• DATA IN THIS EXERCISE:
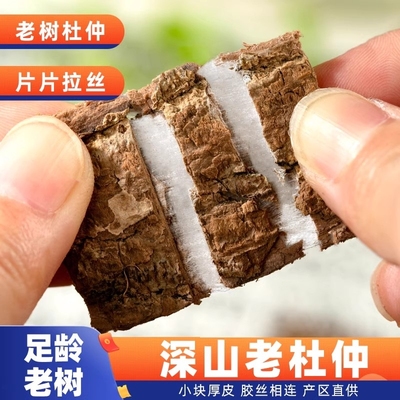 野生杜仲中药材正品杜肿杜仲老树厚皮树皮泡酒非特级配巴戟天泡茶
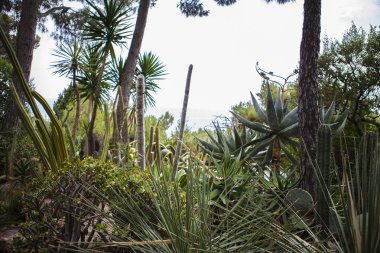 Monako yaz sokakları, sokaklarda dış detayları, çatılar, ışıklar ve kapılar, pencereler, Monte Carlo yollar. Kraliyet Meydanı, Monako'daki parklar.
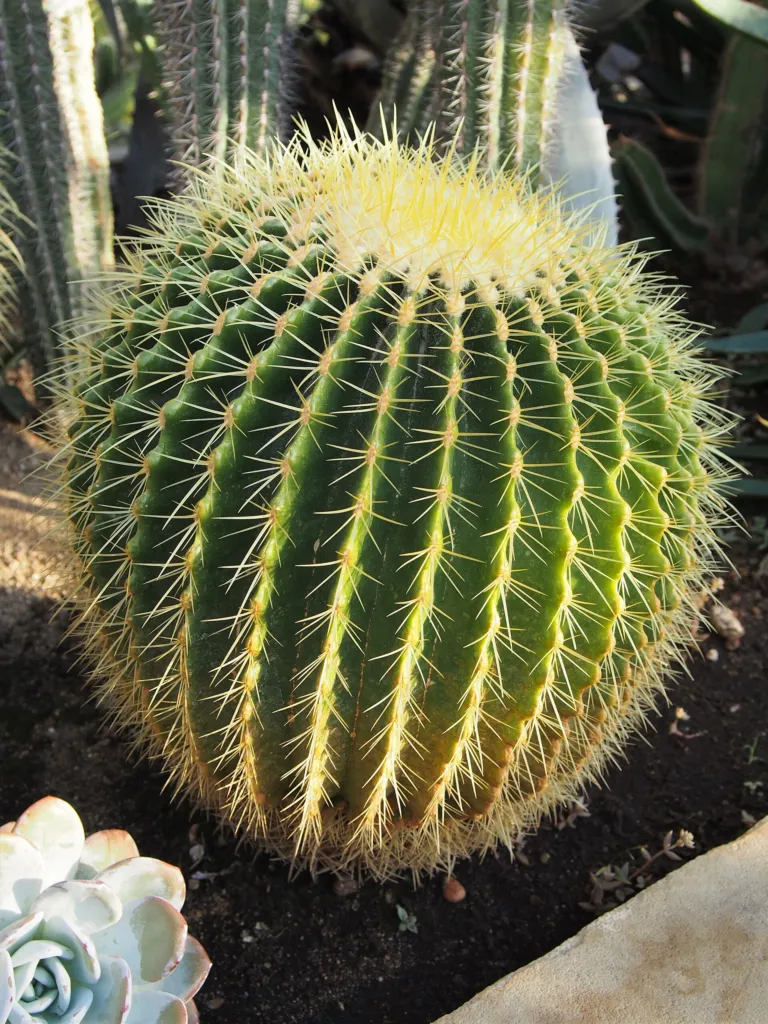 Goldkugelkaktus (Kroenleinia grusonii) – im Garten, Pflanzenfoto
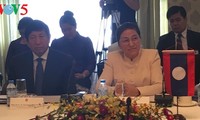 老挝国会主席巴妮与胡志明市领导人举行工作会谈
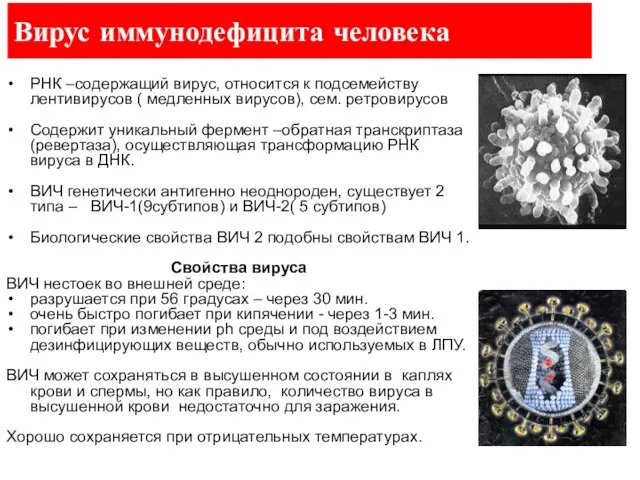 Вирус иммунодефицита человека РНК –содержащий вирус, относится к подсемейству лентивирусов ( медленных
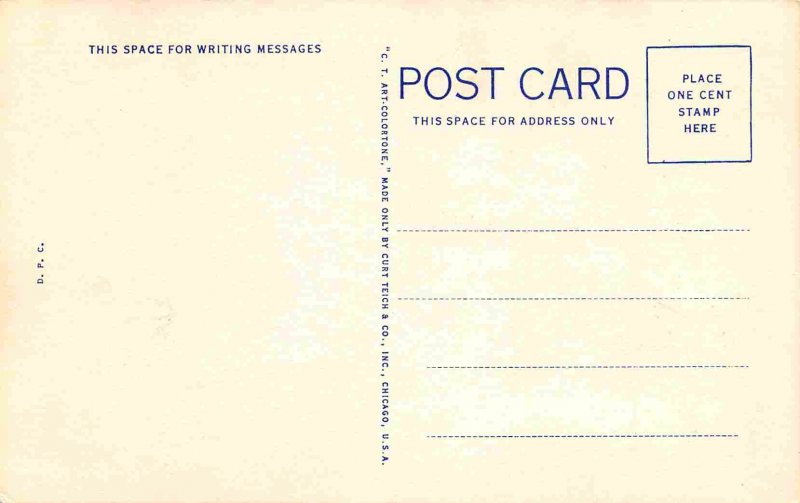 The Lone Star State That's Texas Poem postcard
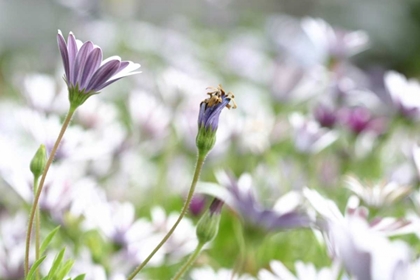 Picture of FIELD OF DAISIES I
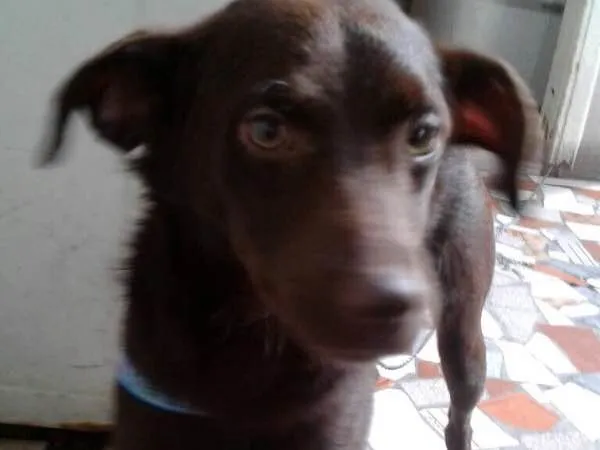 Cachorro ra a SRD idade 2 a 6 meses nome Chocolate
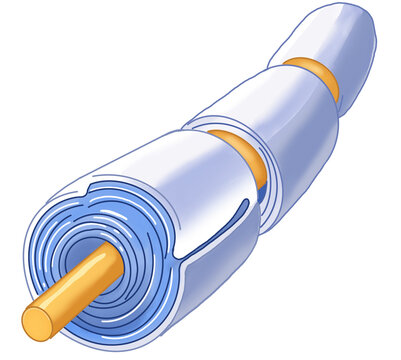 Myelin Sheath Cross Section Illustration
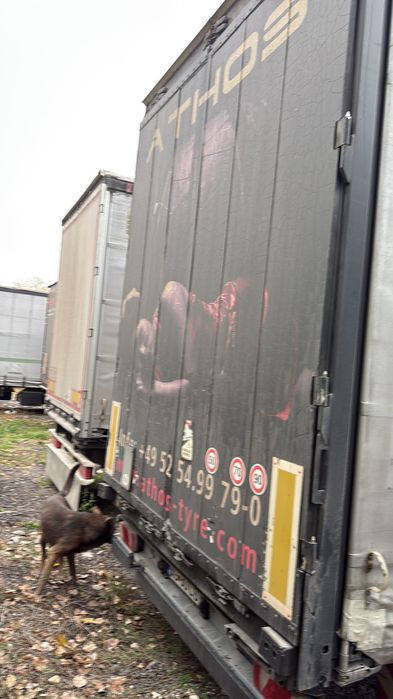 Semiremorcă Kogel , mega , tavan liftabil coil mulde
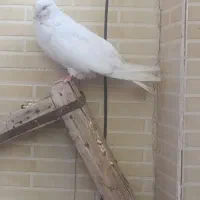 نر و ماده سفید چشونک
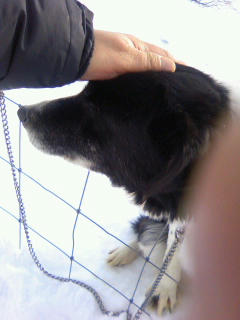 牧羊犬さん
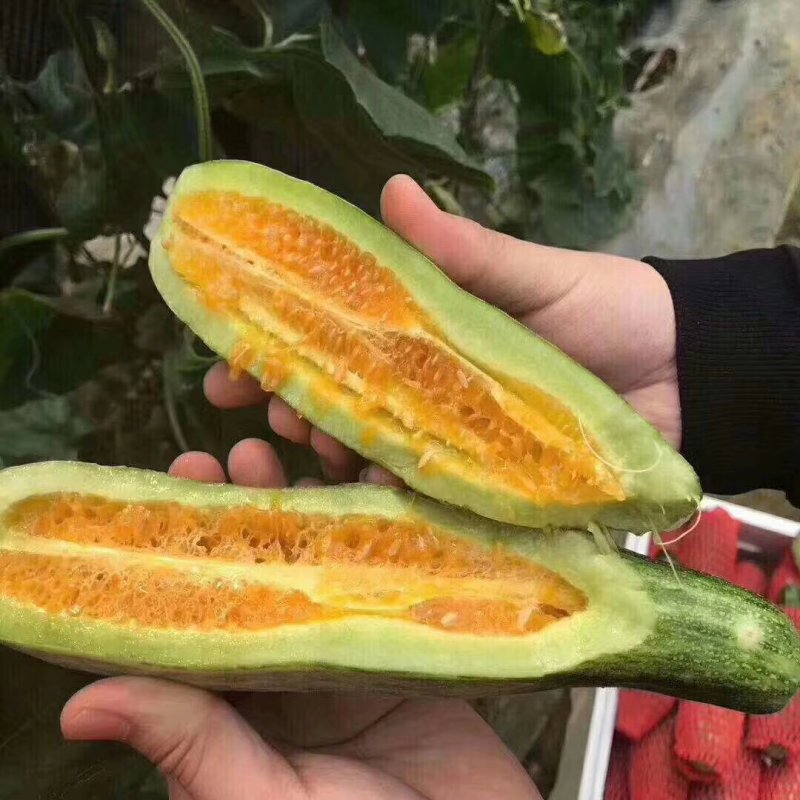 脆甜锦玉羊角蜜甜瓜，口感纯正，质量保证，诚信代办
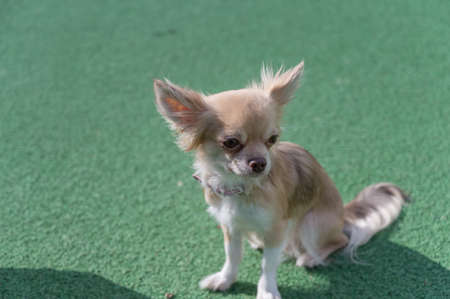 Portrait of a Chihuahua dog against a green background. The pet is sitting on the green surface of the sports field. outside. daytime.の写真素材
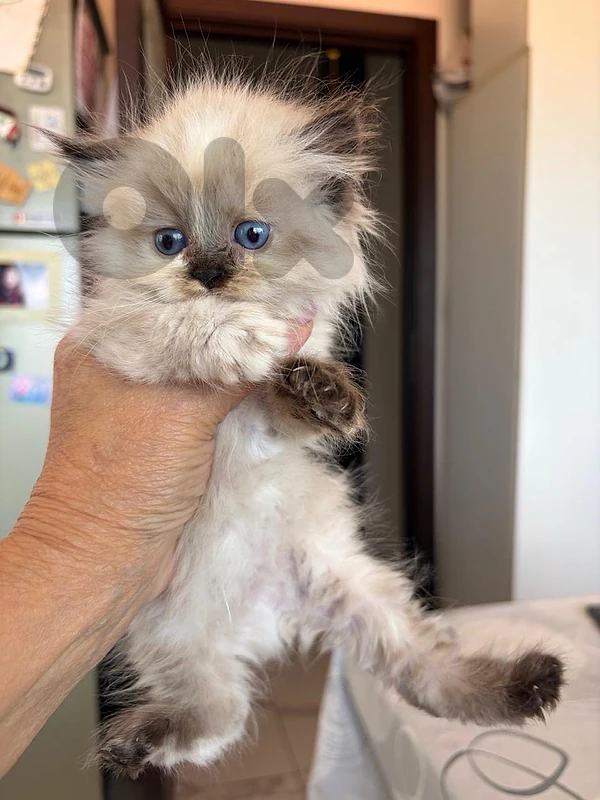 pure persian kitten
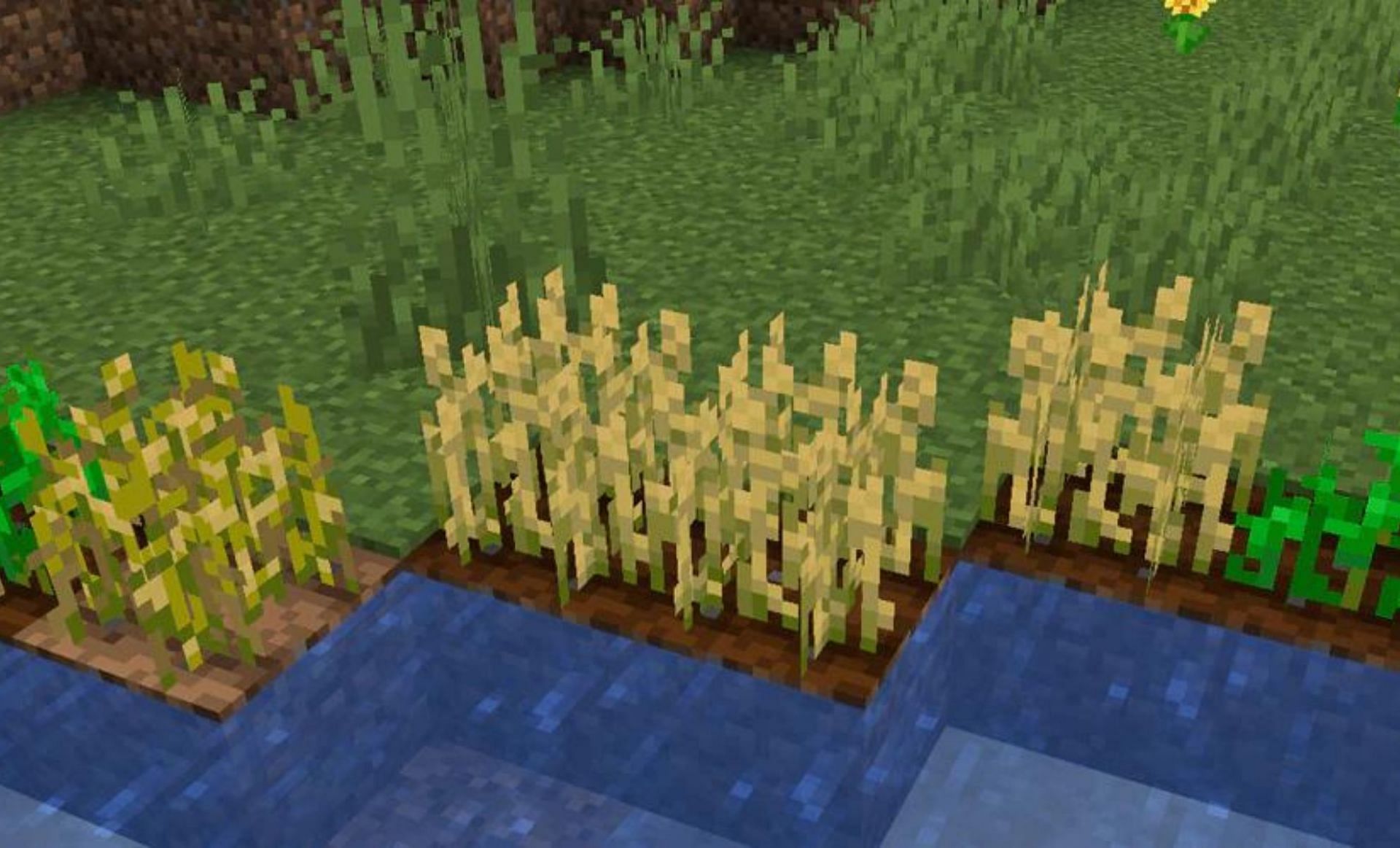 Easiest Wheat Farm Designs To Build In Minecraft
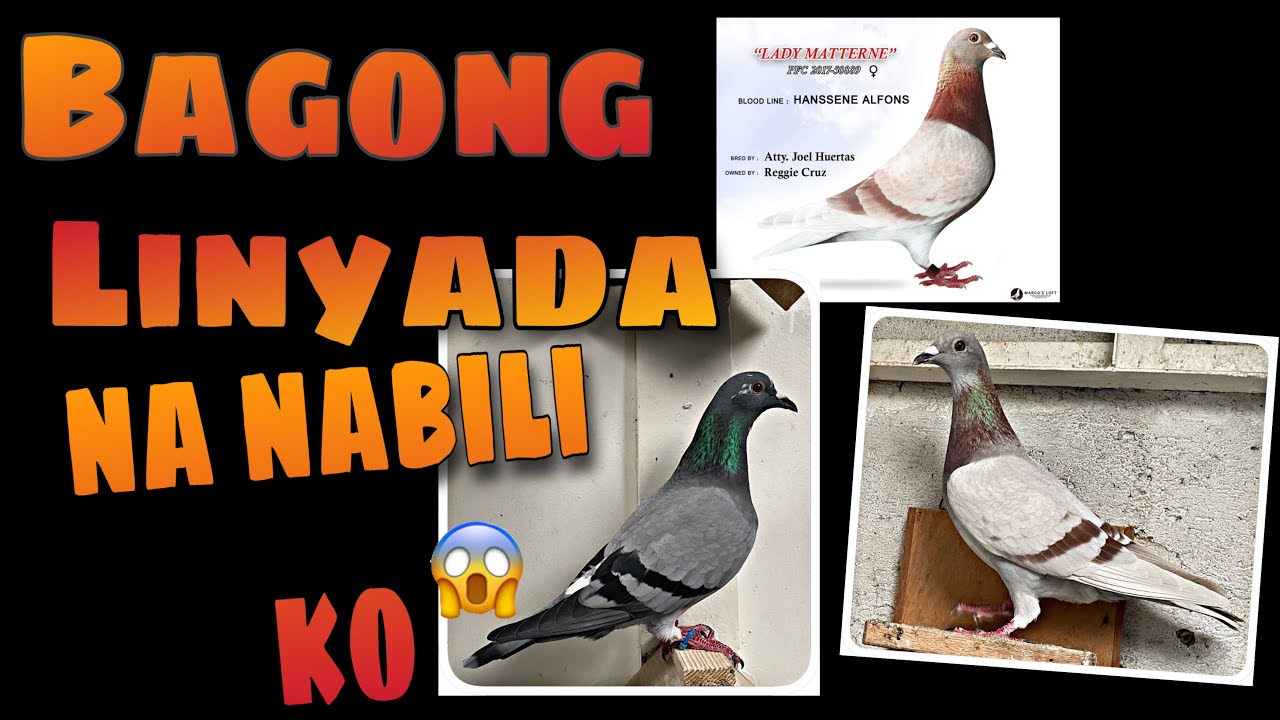 BAGONG LINYADA BINILI KO: VAN LOON, STAF VAN REET, HERMAN ALFONS | Reggie Cruz Loft & Aviary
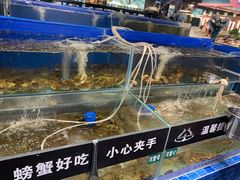 水产区-圣罗巴海鲜自助(黑金店)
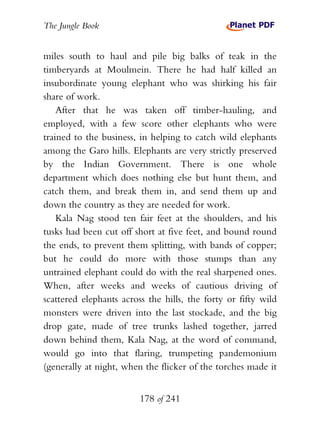 The Jungle Book


miles south to haul and pile big balks of teak in the
timberyards at Moulmein. There he had half killed an
insubordinate young elephant who was shirking his fair
share of work.
    After that he was taken off timber-hauling, and
employed, with a few score other elephants who were
trained to the business, in helping to catch wild elephants
among the Garo hills. Elephants are very strictly preserved
by the Indian Government. There is one whole
department which does nothing else but hunt them, and
catch them, and break them in, and send them up and
down the country as they are needed for work.
    Kala Nag stood ten fair feet at the shoulders, and his
tusks had been cut off short at five feet, and bound round
the ends, to prevent them splitting, with bands of copper;
but he could do more with those stumps than any
untrained elephant could do with the real sharpened ones.
When, after weeks and weeks of cautious driving of
scattered elephants across the hills, the forty or fifty wild
monsters were driven into the last stockade, and the big
drop gate, made of tree trunks lashed together, jarred
down behind them, Kala Nag, at the word of command,
would go into that flaring, trumpeting pandemonium
(generally at night, when the flicker of the torches made it


                         178 of 241
 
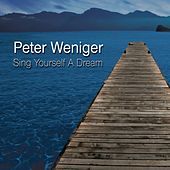Thumbnail for the Peter Weniger - The Vibe link, provided by host site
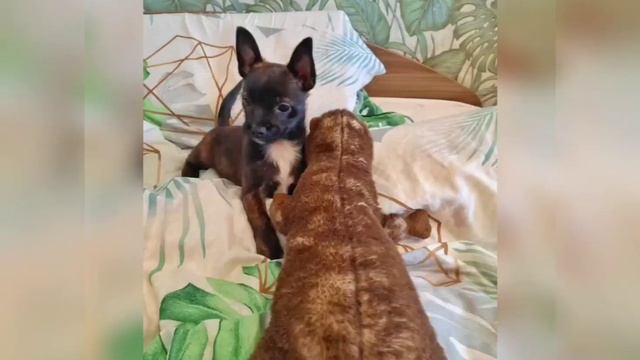 Дизайнерская собака🐕 йорк и бостон-терьер❤️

• WHAT NEEDS TO BE DONE: Above are records with pictures; repeat the records exactly and leave the pictures out.

• RESPONSE TO THE TASK:
 野生杜仲中药材正品杜肿杜仲老树厚皮树皮泡酒非特级配巴戟天泡茶
 Monako yaz sokakları, sokaklarda dış detayları, çatılar, ışıklar ve kapılar, pencereler, Monte Carlo yollar. Kraliyet Meydanı, Monako'daki parklar.
 Goldkugelkaktus (Kroenleinia grusonii) – im Garten, Pflanzenfoto
 老挝国会主席巴妮与胡志明市领导人举行工作会谈
 Вирус иммунодефицита человека РНК –содержащий вирус, относится к подсемейству лентивирусов ( медленных
 The Lone Star State That's Texas Poem postcard
 Picture of FIELD OF DAISIES I
 Cachorro ra a SRD idade 2 a 6 meses nome Chocolate
 Myelin Sheath Cross Section Illustration
 Semiremorcă Kogel , mega , tavan liftabil coil mulde
 نر و ماده سفید چشونک
 牧羊犬さん
 脆甜锦玉羊角蜜甜瓜，口感纯正，质量保证，诚信代办
 Portrait of a Chihuahua dog against a green background. The pet is sitting on the green surface of the sports field. outside. daytime.の写真素材
 pure persian kitten
 Easiest Wheat Farm Designs To Build In Minecraft
 BAGONG LINYADA BINILI KO: VAN LOON, STAF VAN REET, HERMAN ALFONS | Reggie Cruz Loft & Aviary
 水产区-圣罗巴海鲜自助(黑金店)
 The Jungle Book


miles south to haul and pile big balks of teak in the
timberyards at Moulmein. There he had half killed an
insubordinate young elephant who was shirking his fair
share of work.
    After that he was taken off timber-hauling, and
employed, with a few score other elephants who were
trained to the business, in helping to catch wild elephants
among the Garo hills. Elephants are very strictly preserved
by the Indian Government. There is one whole
department which does nothing else but hunt them, and
catch them, and break them in, and send them up and
down the country as they are needed for work.
    Kala Nag stood ten fair feet at the shoulders, and his
tusks had been cut off short at five feet, and bound round
the ends, to prevent them splitting, with bands of copper;
but he could do more with those stumps than any
untrained elephant could do with the real sharpened ones.
When, after weeks and weeks of cautious driving of
scattered elephants across the hills, the forty or fifty wild
monsters were driven into the last stockade, and the big
drop gate, made of tree trunks lashed together, jarred
down behind them, Kala Nag, at the word of command,
would go into that flaring, trumpeting pandemonium
(generally at night, when the flicker of the torches made it


                         178 of 241
 
Thumbnail for the Peter Weniger - The Vibe link, provided by host site
 Дизайнерская собака🐕 йорк и бостон-терьер❤️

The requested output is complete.